Real Estate - In Mind (Domino Records, 2017)
Real Estate has been around just long enough, along with a following that is just intense enough, to make their new album In Mind, one of the most anticipated albums of the year. With that in mind, I’d like to assure you that most people will not be disappointed … though I for one refuse to use that subjective descriptor so many reviewers seem locked into using, “more mature,” as it says nothing and means even less, especially with all that’s happened to the band as of late.
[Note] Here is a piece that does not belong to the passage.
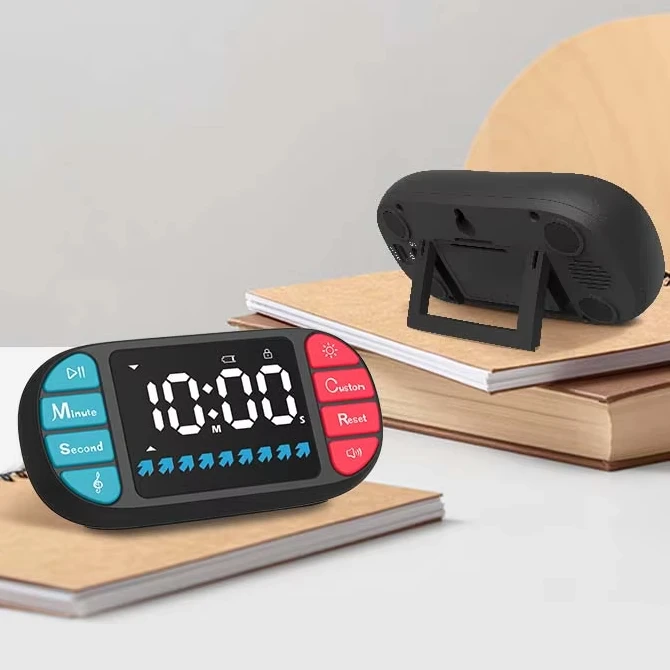 Kids Timer Shaped Like gamepad Console Fun Educational Countdown Clock Adjustable Time LED Display for Study Play Child lock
What I will say is that Real Estate have been touting In Mind as being a new direction for the band, though with the album filled with all the hooks you’ve come to expect and love, along with the jangle pop and pastoral guitar laden arrangements, complete with a splash of melancholy, Real Estate for this reviewer, offers up just about what I had expected. My main issue with the band is that I don’t find all of their material to be on the same or even par, meaning that I, like so many others, are resolved to keeping perhaps four of the eleven tracks, and adding them to an ever growing compilation of first rate songs that fill that light breezy spot in my alternative music collection.
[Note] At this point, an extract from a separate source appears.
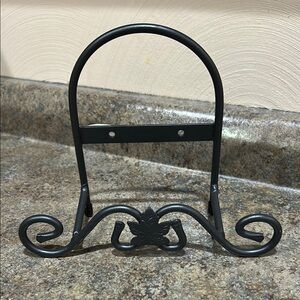 Long burger rod iron easel, NEW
All of that being said, I’ve been spending a bit more time with this outing, and may have to adjust that number of great songs up a notch or two, as Real Estate are no longer the same band who we’ve come to know and love. Since the release of Atlas in 2014, the band has undergone some serious changes in their personal lives as well as in the structure of the band. First, Martin Courtney, the group’s primary song writer had become a father and moved to upstate New York, while Alex Bleeker grabbed his bass and touched down in California. Then there’s Matt Mondanile, lead guitars and co-founding member who decided to step out of the picture all together, with the remaining members welcoming guitarist Julian Lynch to the band as a full time member, a man who’s bounced around the edges for awhile, but never had a seat at the table until now. Yes, that’s a fair amount of changes for one band to absorb at this singular point in time, and it will be more than interesting to hear how Real Estate reacts and adjusts to this infusion and separation that has happened within a single breath.
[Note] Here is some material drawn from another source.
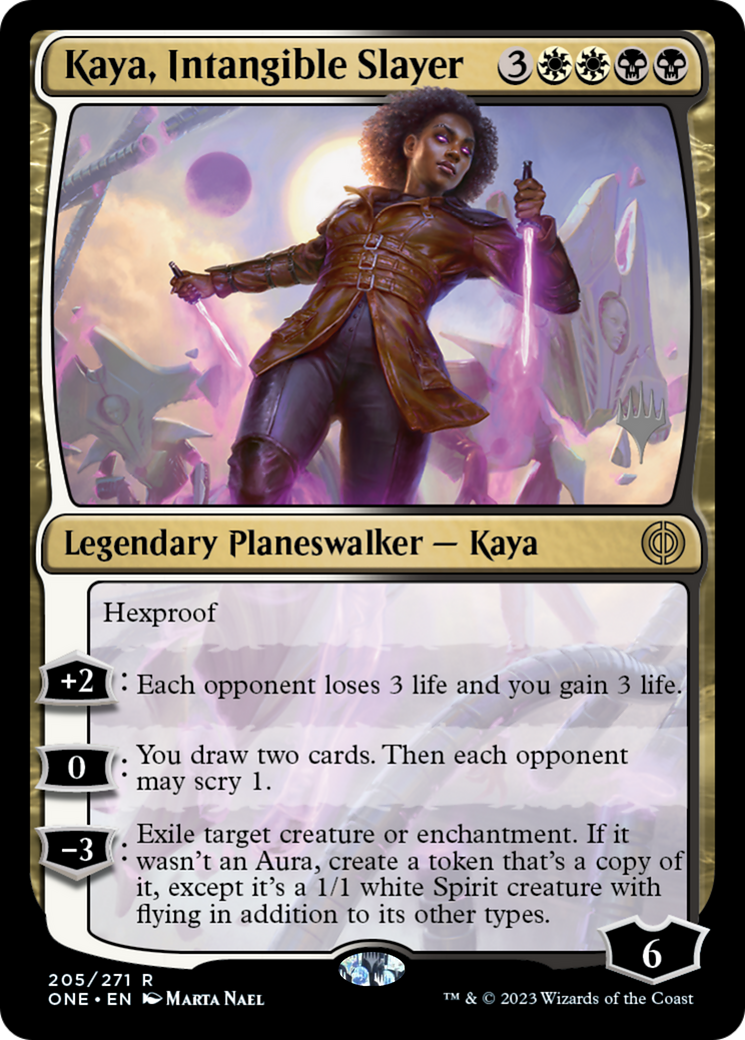 Kaya, Intangible Slayer (Promo Pack) [Phyrexia: All Will Be One Promos] | Mega City Incorporated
It was a bit disturbing for me to hear Martin Courtney happy when the word ‘scenery’ was used to describe this album, saying, A lot of people describe the music of Real Estate as background music, which sounds like an insult, or not necessarily a compliment. I like music like that, where you can put it on and it’s a nice soundtrack to your daily tasks. I on the other hand found that statement to be rather creepy, and hopefully disingenuous, as I’m not sure that I want to own an album that from the get-go is suitable for shopping malls and grocery stores. Of course, like Oasis, Real Estate have found a formula that works for them, one that continues to breathe new life into their Beatles influences, this time with the song “Two Arrows,” that has “I Want You (She’s So Heavy)” written all over it.
On that note, for better or worse, there is a consistency to their music, making it impossible to mistake any of Real Estate’s songs as coming from any other band, which in a manner of speaking, fuels that fire for those who would say that this consistency does not make for interesting music. While all of this makes for an interesting discussion, the truth of the matter is in the listening … so you’re gonna have to tryout this laid back bit of mellowness for yourself and see just where it takes you.
*** The Fun Facts: Martin Courtney really does have a real estate license.